甘い罠、秘密にキス

そもそも桜佑とまともに会話するのは2週間ぶりだった。職場で必要最低限の会話はしていたけれど、どれも事務的なものばかりだったし、桜佑は出張があったりしてゆっくり会う時間が取れなかったから。

やっと会えたと思ったら、桜佑の見た目がいつもよりかっこいいし、皇さんからあんな話聞いちゃうし…。しかもこの店は、私達の距離を縮めたきっかけを作った場所でもある。

だから変に意識しちゃって、桜佑の顔がまともに見れない。
カウンター席で本当に良かった。なるべく前を向いておこう。


「てか今日のお前、いつもと違い過ぎてなんか調子狂うな」

「そうでしょ。まぁこれは120%川瀬さんの力だから、自分の力ではここまで…」

「いや、お前は元が綺麗だから」


おっふ…。いま“綺麗”なんて言われたら、またさっきの会話を思い出しちゃう。

“誰よりも綺麗な子だって言ってたよ。勿論見た目もそうなんだけど、心が綺麗なんだって”

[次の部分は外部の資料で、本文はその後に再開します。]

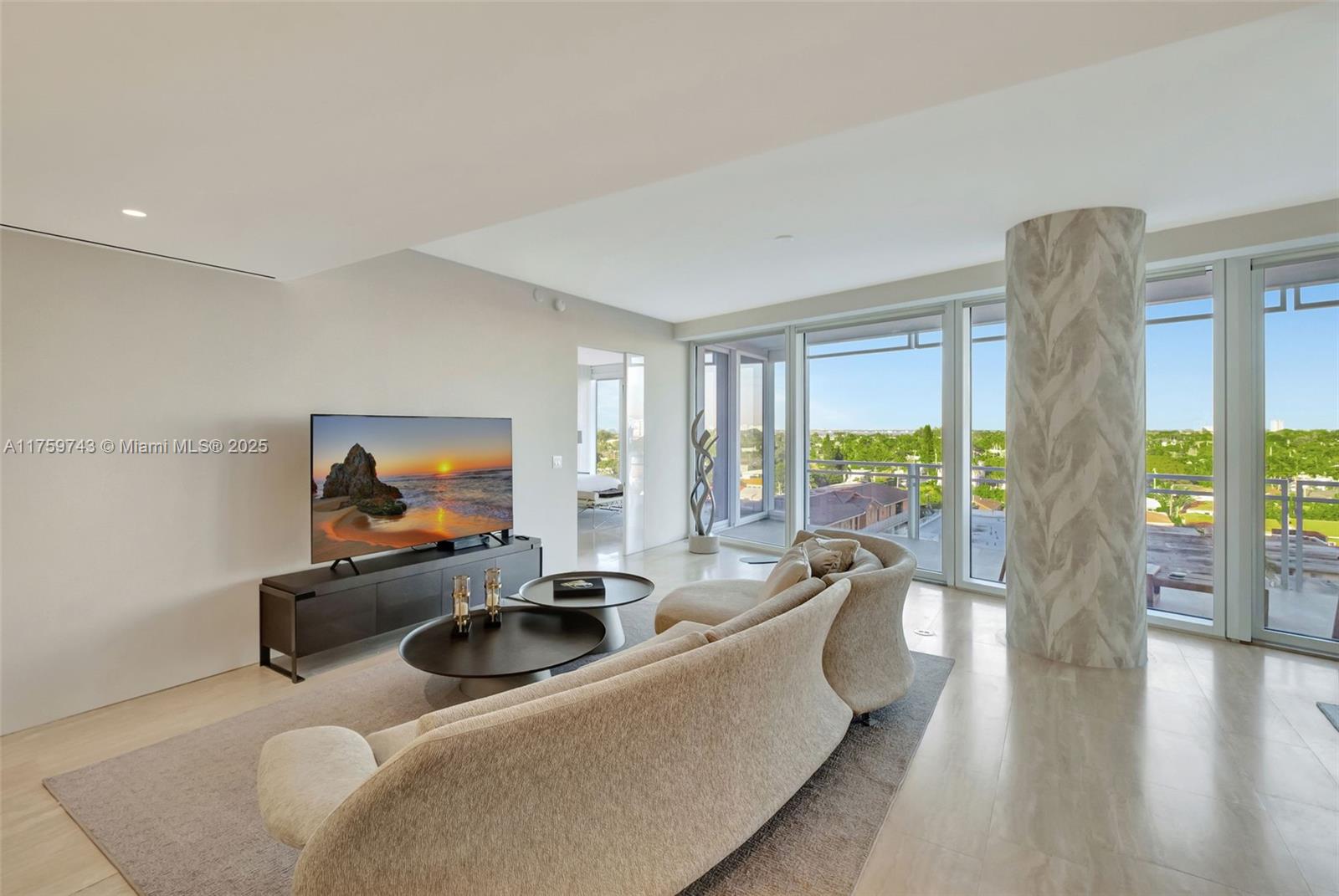 SURF CLUB CONDO - Residential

皇さんの言葉を、全て信じているわけではないけれど。話題がタイムリー過ぎて、さすがに反応に困る。

そんな私を余所に、桜佑は「やっぱ服装でイメージって変わるもんだな」と独り言のように呟いている。


「てか会社の人間に口説かれてねえの?」

「全然。さすがに視線は感じたけど、そういうのでは…」

「さっき片付けしてる時も、お前の話をしてる奴らがいた。今日は何もなかったかもしれないけど、後日会社で声を掛けられる可能性も…」

「いつもとのギャップがあり過ぎるから、みんな噂してるだけだって。桜佑はさっきから気にし過ぎだよ。またいつも通り出社したら、みんなも今日のことなんか忘れて…」

「焦るに決まってんだろ。だから、俺だけが知ってればいいって言ったのに…」


なにやらぶつぶつと尻すぼみになりながら呟いた桜佑は、じろりと私を横目で捉える。
ふいに視線が重なり思わず息を呑むと、突然コートのポケットを漁り始めた桜佑は、そこから何かを取り出し、それを私の前にそっと置いた。